As chief of Algeria’s military for a record 15 years, general Ahmed Gaid Salah has became the country’s de facto leader after longtime president Abdelaziz Bouteflika resigned in April.
Many now see the general, a veteran of Algeria’s war for independence, as the guardian of the military-dominated system that has been in power ever since.
He has acted as the key driving force behind Thursday’s presidential election.
When Bouteflika appointed him in 2004 to head the armed forces—the backbone of Algeria’s opaque regime—he became one of the North African country’s most powerful men.
For years, Gaid Salah unwaveringly supported Bouteflika, even backing the octogenarian’s unpopular bid early this year for a fifth term in office.
But the president’s February announcement that he would stand for election yet again sparked weeks of unprecedented mass demonstrations.
In early April, Gaid Salah called on his boss to resign; Bouteflika quit the same day.
That left the army chief effectively in control of the country.
‘A brutal soldier’
Born in 1940 in Batna region, some 300 kilometres (190 miles) southwest of Algiers, Gaid Salah has spent more than six decades in the armed forces.
At the age of 17, he joined Algeria’s National Liberation Army in its gruelling eight-year war against French colonial forces.
When the North African country proclaimed its independence in 1962 after 132 years as a French colony, he joined the army, attended a Soviet military academy and rose through the ranks.
Gaining a reputation for a hot temper, he commanded several regions before becoming chief of Algeria’s land forces at the height of a decade-long civil war pitting the regime against Islamist insurgents.
In 2004, as he hit retirement age, he was picked by Bouteflika to replace chief of staff Mohamed Lamari, who opposed the president’s quest for a second mandate.
By 2013, he had helped Bouteflika dismantle the feared DRS intelligence agency, sending its powerful head Mohamed “Toufik” Mediene into retirement two years later.

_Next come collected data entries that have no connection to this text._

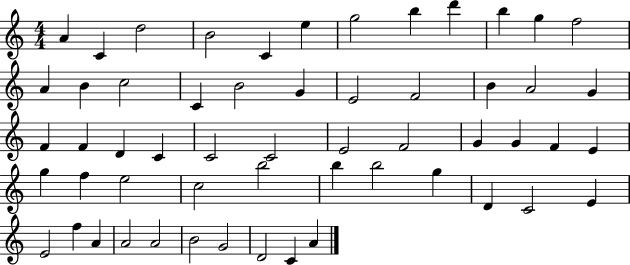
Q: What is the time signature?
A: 4/4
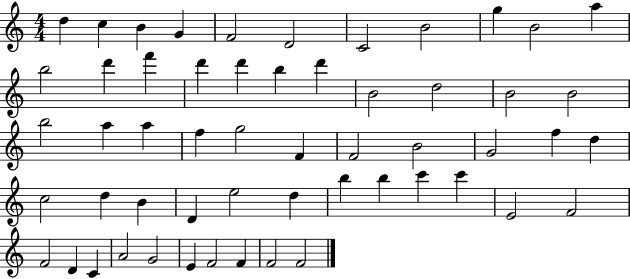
D5/q C5/q B4/q G4/q F4/h D4/h C4/h B4/h G5/q B4/h A5/q B5/h D6/q F6/q D6/q D6/q B5/q D6/q B4/h D5/h B4/h B4/h B5/h A5/q A5/q F5/q G5/h F4/q F4/h B4/h G4/h F5/q D5/q C5/h D5/q B4/q D4/q E5/h D5/q B5/q B5/q C6/q C6/q E4/h F4/h F4/h D4/q C4/q A4/h G4/h E4/q F4/h F4/q F4/h F4/h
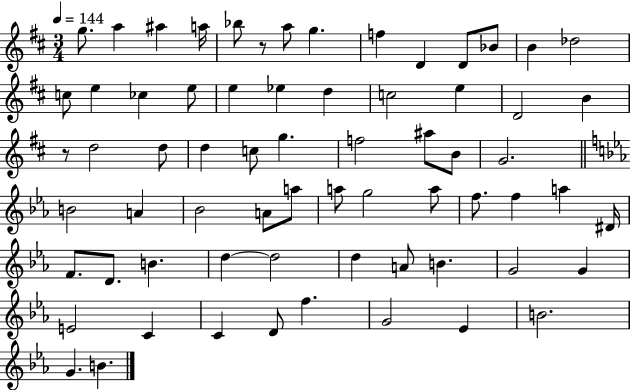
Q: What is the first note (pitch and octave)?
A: G5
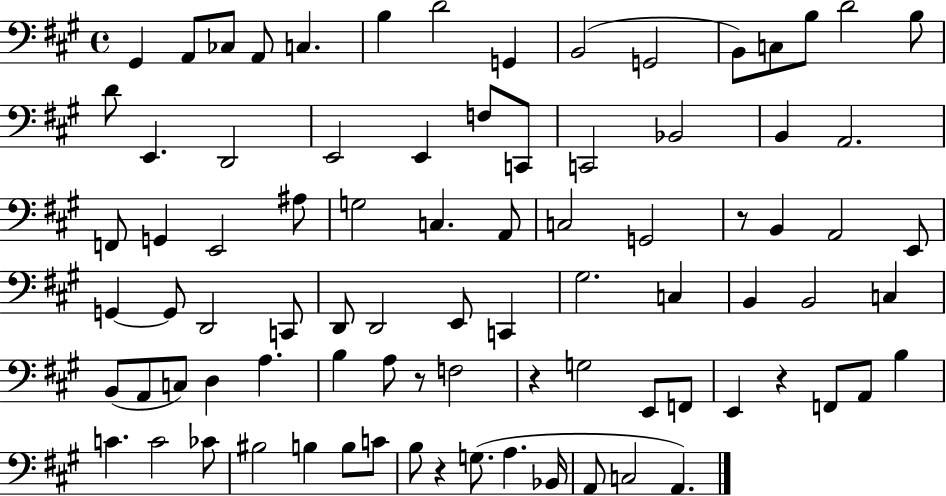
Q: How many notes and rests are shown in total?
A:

Today, the DRS is defanged, Bouteflika is off the scene and many of his allies are being prosecuted for graft as part of investigations encouraged by Gaid Salah.
That has left the military chief, who is also deputy defence minister, undisputedly in charge of Algeria.

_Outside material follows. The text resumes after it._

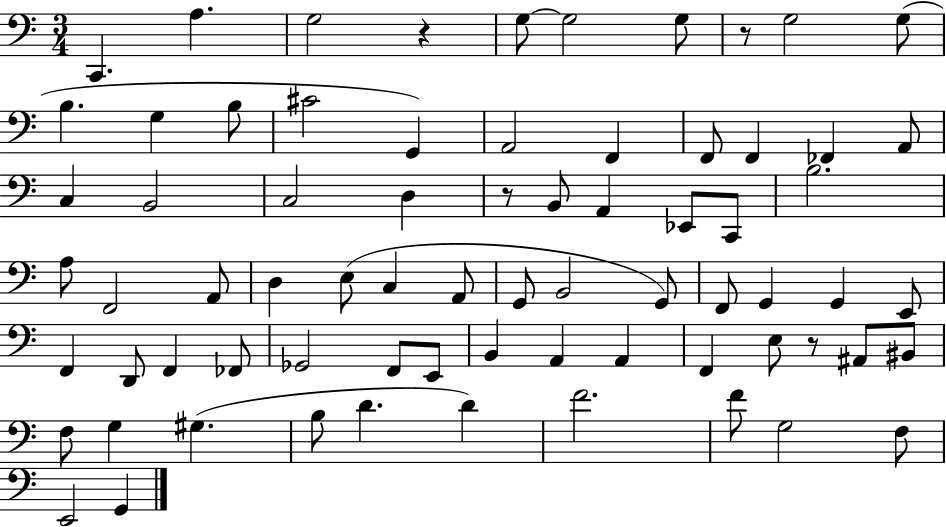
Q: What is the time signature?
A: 3/4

He has issued veiled threats to demonstrators and exercises considerable influence over the justice department and the civilian administration of interim president Abdelkader Bensalah.

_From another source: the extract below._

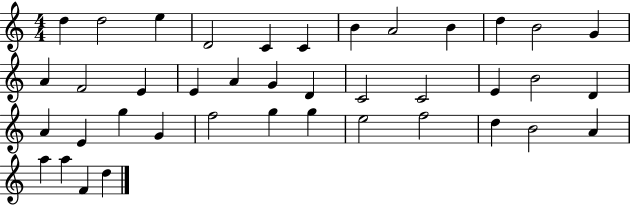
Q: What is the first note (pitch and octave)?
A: D5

Flavien Bourrat, a researcher at the Institut de Recherche Strategique de l’Ecole Militaire (Inserm) in Paris, said Gaid Salah enjoys relatively unified support within the army.
But protesters, who once praised him for his intervention to force Bouteflika’s resignation, now despise the general.
He has categorially rejected their key demands—deep reforms, the establishment of transitional institutions and the dismantling of the military-dominated regime.
Indeed, he has made virtually no concessions.
The poll has been widely rejected by protesters, who say no vote can be valid until regime figures have left office and reforms have been carried out.
“Gaid Salah is not a great strategist. He acts like a brutal soldier,” said Moussaab Hammoudi, a PhD candidate at the School for Advanced Studies in the Social Sciences (EHESS) in Paris.
“He is a frustrated person (who) acts by impulse, without reflection, without consultation,” he added.
“For him, Algeria is a huge barracks, and making a concession is a weakness.”